Show the code
import numpy as np
from PIL import Image
from scipy.ndimage import convolve
from matplotlib.pyplot import imread
import matplotlib.pyplot as plt
Kashish Mukheja
Saturday, 27 May 2023
Pixel is the smallest fragment of an image.
Every pixel can store 8 bits of memory, for e.g. So, the range of values it can store is 2^8=256, i.e., between 0 to 255. Where 255 represents white shade, and 0 represents black shade. Numbers between 0 & 255 are different shades of black and white “OR” grey
Filters are a way to alter the original image. Filters are smaller matrix that are multiplied with larger matrix in a left to right fashion (like a torch), for e.g., to result in a different matrix. The resultant matrix will have different pixel values at certain places which will result in altering the source image. This can be inferred as a small convolution operation.

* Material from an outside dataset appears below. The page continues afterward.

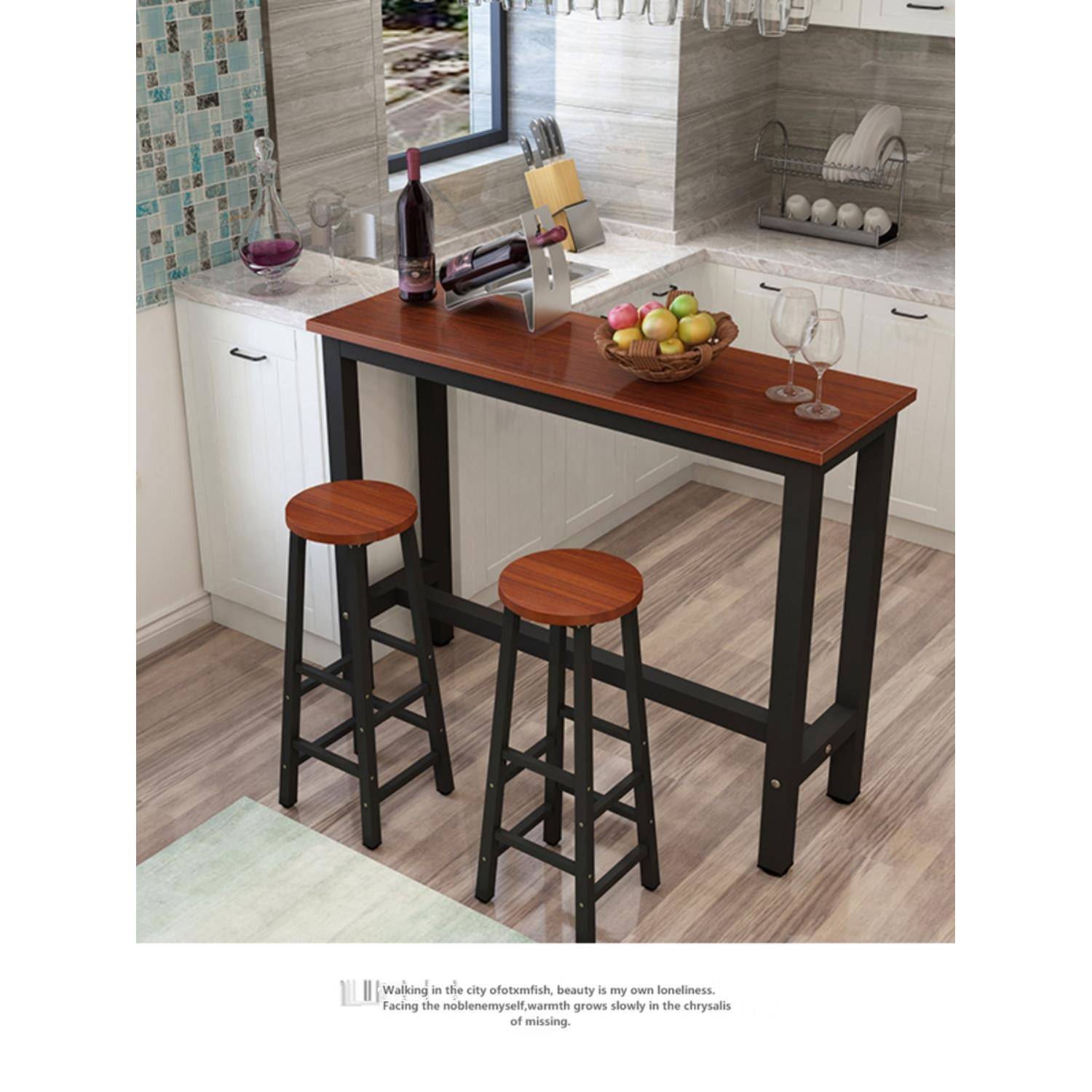 红酒桌轻奢客墙厅吧台桌子白色家用靠桌椅高脚桌多功能餐F765H686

They are also termed as Kernels
These filters can help in detecting edges or differentiate between brightness.
# We have 3 channels since it's a colored image, hence we loop over 3 times.

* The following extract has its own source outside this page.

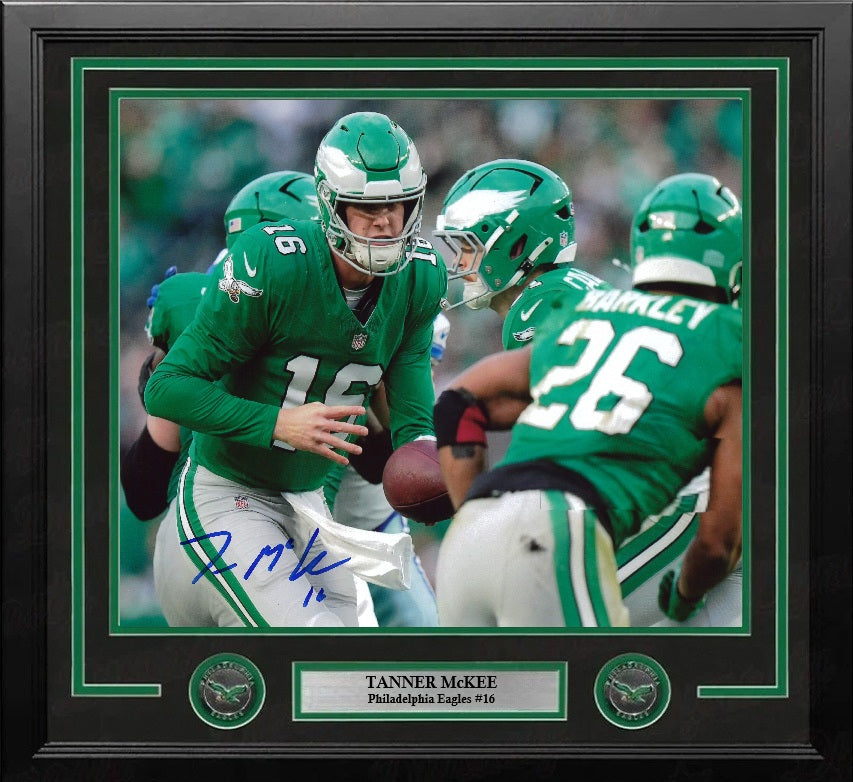 Tanner McKee Hand-Off in Kelly Green Philadelphia Eagles Autographed 16" x 20" Framed Football Photo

# convolve(array_input, filter) will do the convolution operation, i.e.,
# multiply input image for each channel with the filter matrix
for channel in range(3):
res = convolve(image_profile[:,:,channel], Edge)
Image_channel.append(res)
img = np.dstack((Image_channel[0], Image_channel[1], Image_channel[2]))
plt.imshow(img)
plt.show()
Shape of output image = (960, 640, 3)
Shape of input image = (960, 640, 3)
Length of Image channel = 3
Shape of each Image Channel = (960, 640)
There are some in built filters present in PIL library :-
from PIL import Image, ImageFilter
from PIL.ImageFilter import (BLUR, CONTOUR, EDGE_ENHANCE...)

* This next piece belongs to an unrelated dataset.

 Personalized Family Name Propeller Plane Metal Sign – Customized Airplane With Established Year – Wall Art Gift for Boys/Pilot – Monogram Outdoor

There are mainly two reasons why convolution is required instead of having just a simple feed forward NN: 1. Humongous number of input parameters (i.e, pixel size) 2. Exploit the spacial correlation across pixels resulting in reducing in number of operations for NN.
A snapshot of input matrix (For E.g., 3 * 3) is convolved with a filter matrix (also 3 * 3), also called Weights. The actual input image can be of size say 10 * 10. The filter matrix will swipe through the entire input matrix taking a snapshot of 3 * 3 (just like how a torch moves from left to right and top to bottom). The resultant matrix is a colnvoluted matrix. “Colvolved” involes summation of dot product of two matrices. Convolution helps extracting characteristics in an image. It also helps to reduce computation because at every convolution operation, we are reducing the dimension of the image which will be eventually given as input to the neural network classifier.
Convolution combined with a feed forward network is called CNN. We applied convolution to N * M matrix.
Then we flatten the image to 1D( 1 * ( N * M ) ) and apply the normal feed forward neural network.
Adding additional rows/columns to the image arrays. This is usually done symmetrically. Zero-padding means adding Zeroes (i.e., black) pixels to the boundary of images.
This can be sometimes required when you don’t want to reduce the size of the output matrix once the filter is applied. For E.g., Input 100 * 100 matrix is multipled by 3 * 3 filter -> Resultant is 98 * 98 matrix. But if you want to keep the input image intact, you can add padding to the input image to make it 102 * 102.
This is also useful to provide all pixels equal importance, mainly the Edges of the image which are only multiplied with the filter twice, as compared to the inner regions which are multiplied three or more times.
Stride is a parameter of the neural network’s filter that modifies the amount of movement over the image. Stride of 2 means the filter moves two pixels ahead, that is, 1 pixel is ignored. Stride of 1 is the default movement for filter, in which case no pixel is ignored.
Also type of sub-sampling, used to reduce the size of input image in multiplicative way. Max, Average and Min Pooling are two common type of pooling. In MaxPooling, the maximum value of the resultant 3 * 3 snapshot will be taken as the output pixel for that area.
Output of the convolution after doing all the operations like pooling, stride, padding, is called a feature map. This feature map is passed through an activation function like ReLU, and called an activation map.
Once the image has gone through N Convolution layers, it is flattened to feed into the fully connected neural network, which will then perform classification. Here, the learnable parameters weights are Filters. So, the filter weights are updated during backpropagation.